Does anyone have an idea?
Thanks in advance for any replies!
It’s possible to meet the 2 percent rule on a 100k house (if it’s small multifamily) but typically you’ll only see that rule met on lower end stuff.
I bought a property that meets this rule (although I didn’t realize it at the time) in Ohio. Cost 35k, rents for 750 and after the current tenants move out it should be closer to 800. Cash flow is 200-300 a month including debt service. Solid C class area.
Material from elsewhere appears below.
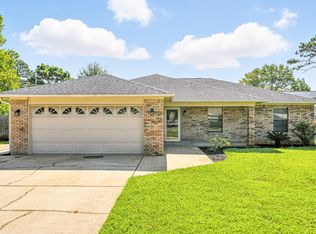 436 Oakdale Ave N, Mary Esther, FL 32569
Personally I probably won’t stack up on lots of these rentals but a couple may not be bad. The ease of managing my other rentals with B class tenants is so much easier. Sure I make slightly less return but the ease of management is great. I don’t want to have to track down 10 plus different rents every month as I scale. That’s a waste of time
It is different not only in every country it is different in ever region in every property class within a country. In Canada, which I am comfortable believing is a developed country, 2% can be very difficult to reach as well...........in many areas but it is out there you simply have to find it. Real estate investing is hard work beginning with the search for the hiddden gems.
The rule is in fact a guide line to begin assessment. In some areas it is impossible to reach in the US as well where as in some it is a walk in the park.
Think of it as a guide line, a start point as a base standard and go from there.
Real estate is all about location, location, location. Just like you can't say that 'America' has this and 'Germany has that'.
I know there are regions in Germany where you can buy an 'Eigentumswohnung' for 15,000 Euro and can rent it for 300 Euro at least. Same in the U.S. It's not just city to city, but each neighborhood in each city has their own pricing.
And it would be much nicer, if you actually used a name and not 'your mother' , which is sort of insulting, even if most people here don't know.
5 years ago it was the 1% rule, now that prices are up it's the 2% rule?
When prices go down will it be the .5% rule? How does this make sense? It doesn't.
And, who really cares what the gross is - it's the net that actually matters.
Your gross rents could be 10% monthly - but when it nets out you could still be negative! The bottom line - gross means nothing when it comes to money in your pocket.
You can use these rules as one of many factors to help you make a business decision, but the "x% of gross" shouldn't be considered a hard and fast rule.
Every deal is different, and every investor's strategy is different, so in my opinion, living by a such general rules based on gross income is not a wise practice.
Determine what works for all aspects of your deal and go with it.